会長のつぶやき
第五十回
2022-07-29
ある高等学校の校長先生が書かれた本を読み、考えさせられたことがありました。この学校では、イギリスのケンブリッジでのホームステイ、英語学校での学び、校外研修という内容で、三週間の夏の海外研修を実施しています。校長先生も、ホストファミリーを労(ねぎら)うお別れパーティーのため、初めてイギリスを訪ねられた時の体験談を綴(つづ)っておられました。
ある時バスの中で、スキンヘッド、ピアス、刺青(いれずみ)、黒革ズボン、黒ランニングシャツの若い男性と派手な格好の女性が、二人だけの世界に没入(ぼつにゅう)しているように見えました。ところが、その二人のそばを他人が通り、少し接触した時、彼らはさりげなく「Sorry」と言うのです。そして、降車の際は運転手に微笑(ほほえ)み「Thank you,good-bye」と言ってバスを降りていきました。外面から偏見(へんけん)や先入観(せんにゅうかん)を持っていた私自身を知らされました。二人だけで居たくても、そこに他人や社会が関わると、さっとマナーや必要な言葉・コミュニケーションが表に出てくる。プライベートとパブリックが明確なのだという印象を受けました。他でも様々な場所で「Sorry」に出会いました。まるで呼吸の一部のように、自然に「Sorry」なのです。老齢の紳士も若者も、男性も女性もです。大人の社会を感じました。同時に、観光地や空港の床に座り込んで、通行する人に叱(しか)られ憔然(ぶぜん)とする日本の学生の未成熟が見えてきます。

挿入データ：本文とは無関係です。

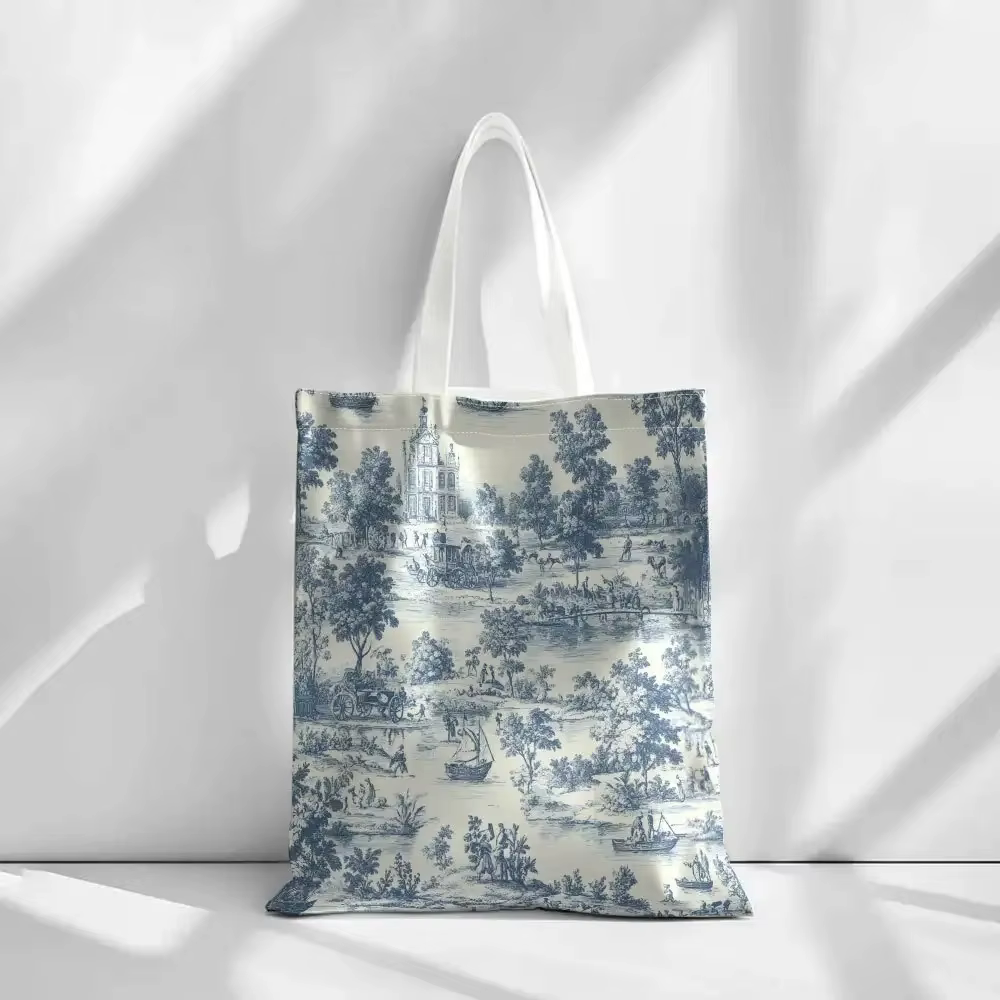 Sac fourre-tout en toile avec imprimé paysage bleu et blanc, adapté à un usage quotidien, aux course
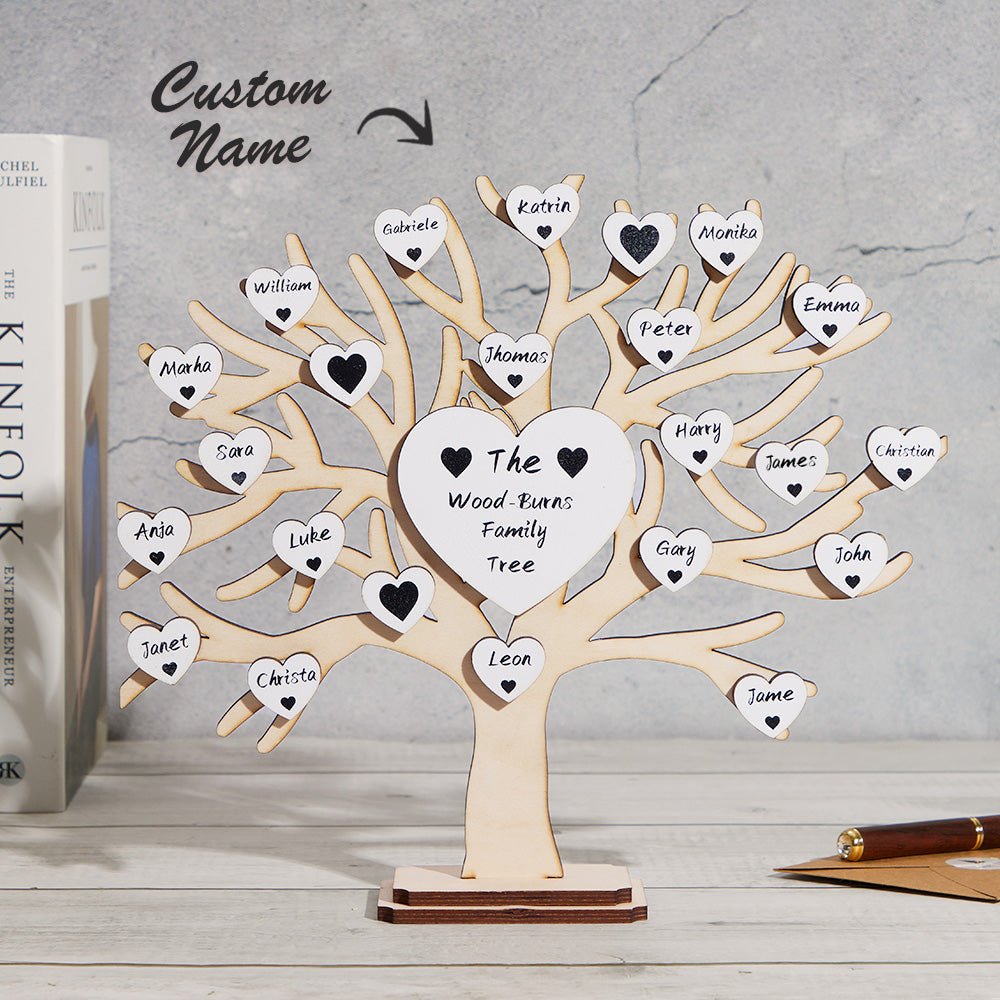 Custom Name Family Tree Personalized Engraved Desk Decoration Anniversary Gifts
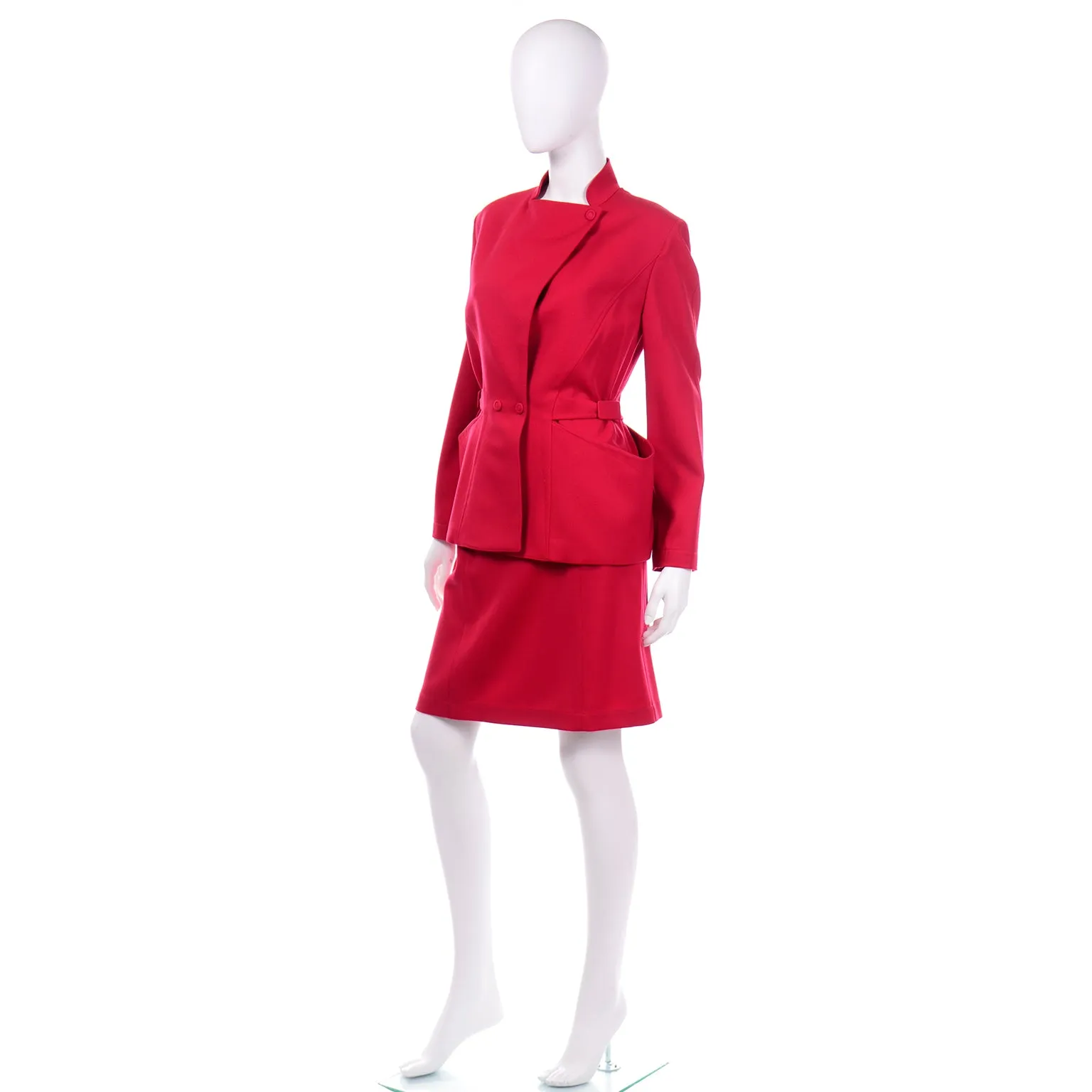 Thierry Mugler Paris Vintage Red Skirt and Jacket Suit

周りを気にせず自分だけの世界に入り込んでしまい、携帯電話をかけたり化粧をしたりするのは、周りを気にしないのではなく、周りを気にする脳のはたらきが機能していない、つまり一種の脳機能障害の可能性が高いそうです。具体的には、前頭連合野(ぜんとうれんごうや)という自我や社会的知性などを司(つかさど)る、脳部位の発達障害ということになるようです。
どういうことでそうなるかと言えば、成長途中に相応(そうおう)の教育やしつけがないと脳は十分に発達せず、ダメージを受けたのと同じ状態になってしまうのだそうです。現代の西欧化した食生活や住環境(思春期以前に与えられる個室が最悪)も脳にダメージを与えているようです。
ワガママな自分の都合(つごう)が通ることで一見幸せになったような気がするかもしれませんが、私の願いが叶(かな)えば叶うほど、私を含んだ全体が崩壊(ほうかい)していくということを知らなければなりません。それは「共に生きたい」と言ういのちの根源的な願いに背(そむ)くことですから、結果、常に不満不安で暗く落ち着かない自己に苦しむことになります。
先程の学校での取り組みは、生徒にとってイギリスの家庭でワガママも通じない、ことばも不自由な中での苦労と我慢が、自身の成長にとってどれだけ得難(えがた)い貴重な体験であったかということに気づく日が必ず来ると思います。